On Fri, May 13, 2011 at 10:00 AM, OGrandeDiEnne <[email protected]> wrote:
>
> let visit tree =
> match tree with
> | leaf(v) -> v
> | node(v,t1,t2) ->
> let v1 = visit t1
> and v2 = visit t2
> in
> v + v1 + v2
>
>
> let visit_tail tree k =
> | Leaf(v) -> k v
> | Node(v,t1,t2) ->
> visit_tail t1 (fun v1 -> visit_tail t2 (fun v2 -> k( v + v1 +
> v2 ) ))
>
> You said that
>> This will always be of the form of some sort of stack or queue,
>> whether explicit or implicit (implied by non-tail recursion).
>
> Here the queue is encoded in the chain of anonymous function.
>
> How are the two versions actually compiled ? Is the second faster than
> the first ?
I don't believe that OCaml performs any optimization of anonymous
functions, which means that every call of visit_tail will create a new
closure on the heap. visit on the other hand will simply place values
on the stack, which *should* be faster. (I say "should" because I do
not know the internals of OCaml's GC, but allocating values on the
stack is generally very very fast.)
Compiling the above with ocamlopt -S produces the following output on
x86-64 for visit:
camlStack__visit_63:
subq $24, %rsp
.L106:
movzbq -8(%rax), %rbx
testq %rbx, %rbx
je .L105
movq %rax, 0(%rsp)
movq 8(%rax), %rax
call camlStack__visit_63@PLT
.L107:
movq %rax, 8(%rsp)
movq 0(%rsp), %rax
movq 16(%rax), %rax
call camlStack__visit_63@PLT
.L108:
movq 0(%rsp), %rbx
movq (%rbx), %rdi
movq 8(%rsp), %rbx
addq %rbx, %rdi
leaq -2(%rdi, %rax), %rax
addq $24, %rsp
ret
.L105:
movq (%rax), %rax
addq $24, %rsp
ret
Note, this is entirely self-contained -- call instructions are used
for recursion.

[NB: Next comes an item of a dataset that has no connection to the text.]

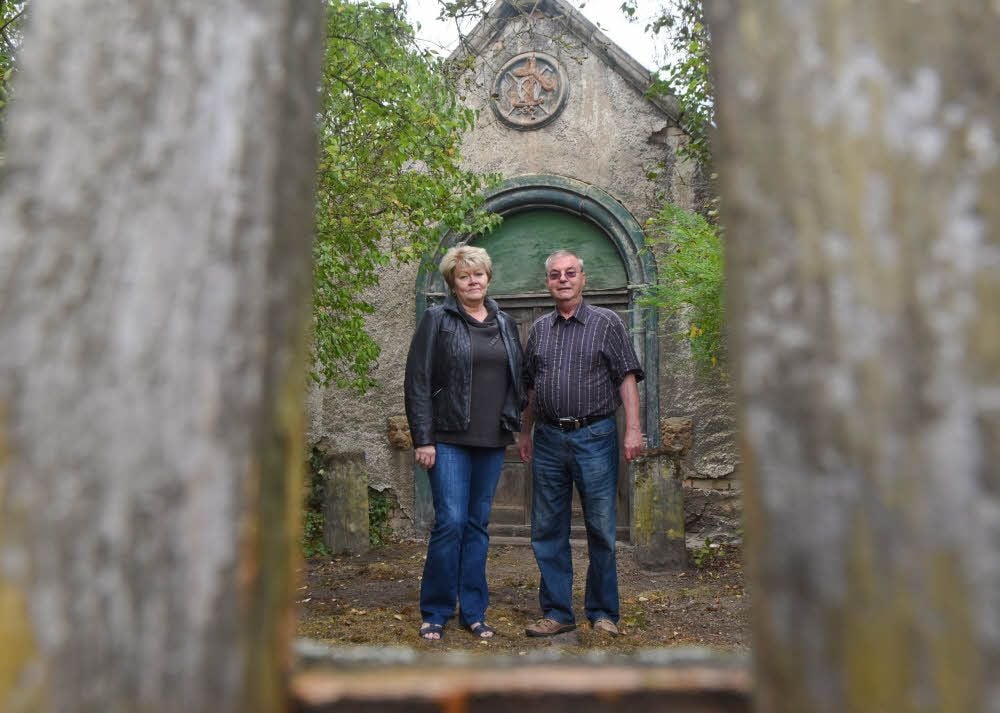 Monika Habermann und Peter Meinhart befassen sich seit Jahren mit der Geschichte des Sinti-Mausoleums in Osendorf.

Here is the code for visit_tail:
camlStack__visit_tail_71:
subq $8, %rsp
.L110:
movq %rax, %rdx
movzbq -8(%rdx), %rax
testq %rax, %rax
je .L109
.L111: subq $48, %r15
movq caml_young_limit@GOTPCREL(%rip), %rax
cmpq (%rax), %r15
jb .L112
leaq 8(%r15), %rsi
movq $5367, -8(%rsi)
movq camlStack__fun_98@GOTPCREL(%rip), %rax
movq %rax, (%rsi)
movq $3, 8(%rsi)
movq %rdi, 16(%rsi)
movq %rdx, 24(%rsi)
movq %rbx, 32(%rsi)
movq 8(%rdx), %rax
movq %rsi, %rbx
jmp .L110
.align 4
.L109:
movq (%rdx), %rax
movq (%rbx), %rdi
addq $8, %rsp
jmp *%rdi
.L112: call caml_call_gc@PLT
.L113: jmp .L111
Note the heap allocation (the access to caml_young_limit), the
subsequent creation of a closure (whose body is at camlStack__fun_98;
not shown), and the call to the GC on the second to last line. The
actual tail call (last line) is dwarfed by the explosion in complexity
elsewhere.
The OCaml compiler is decidedly *not* smart; it performs the fewest
high-level optimizations of any compiler that I know. (I don't think
it even even lifts invariants out of loops.) However this means it is
usually very predictable. In particular, simple-looking code
generally leads to simple-looking (and efficient) assembly (see the
example above).
If you want to check out a "smart" compiler, the Mercury [1] compiler
performs dozens (if not hundreds) of high- and low-level
optimizations, one of which is accumulator introduction (rewriting
certain functions to use tail calls). From my experience, this makes
predicting the compiler's output much more difficult, though it does
lead to performance gains in certain areas.
- Chris
[1] http://www.mercury.csse.unimelb.edu.au/
--
You received this message because you are subscribed to the Google Groups
"ocaml-developer" group.
To post to this group, send email to [email protected]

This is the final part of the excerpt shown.